One of the SMAT water distribution points in Turin, Source: SMAT

Turin has waged its own war on packaged water

Turin has waged its own war on packaged water

The city recently installed the 200th water point in the metropolitan area

SMAT, Turin’s public water supply company, reported on 13 August that it has already installed 200 water points on the territory of the Italian metropolis. The latest such addition now stands proudly in the Casabianca hamlet, to the northeast of the main city.

The water points in question are the tools through which Turin is trying to change the water consumption habits of its residents. Taking a page from ‘locally sourced’ food trends, the authorities are trying to send a message that it is just as important to drink local, or as they call it ‘zero kilometre’, water.

The environmental benefits of this are vast and consumers will not be shortchanged. In fact, the water points offer three types of water: room temperature, chilled and sparkling, so no one can complain.

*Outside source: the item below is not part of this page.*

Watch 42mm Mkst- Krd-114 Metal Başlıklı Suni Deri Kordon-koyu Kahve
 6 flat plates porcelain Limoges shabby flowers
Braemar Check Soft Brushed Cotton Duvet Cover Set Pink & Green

The water points offer three types of water – all locally-sourced

Each of the „Punto Acqua” water distribution points is a two-metre-tall hexagonal kiosk equipped with three taps: one for still water, one for chilled still water and one for chilled sparkling water. Cleanliness and hygiene of the water are guaranteed by a UV sterilizer installed at the taps. The average deliverable chilled water is 180 litres per hour.

Still water – whether at room temperature or chilled – is free of charge. 1.5 litres of sparkling cold water costs 5 cents. However, the practice is to provide the sparkling water for free for the first two weeks after the installation of a new water point. The scheduled operation of the water distribution points is programmable.

The project carries significant social and environmental importance as it contributes to CO2 emissions reduction, plastic consumption reduction, improving people’s quality of life, creating new habits and also having an economic value both for the community and for the environment. The latter is possible because it reduces the costs for water supply and ensures better air quality.

After all, what makes more sense? Buying packaged water, which was bottled (often in another region or country) and then delivered through (likely) polluting transport means or quenching your thirst with free, or cheap, local water knowing that you are also saving the environment? It seems like a simple answer, yet Western societies still need some time to get to it.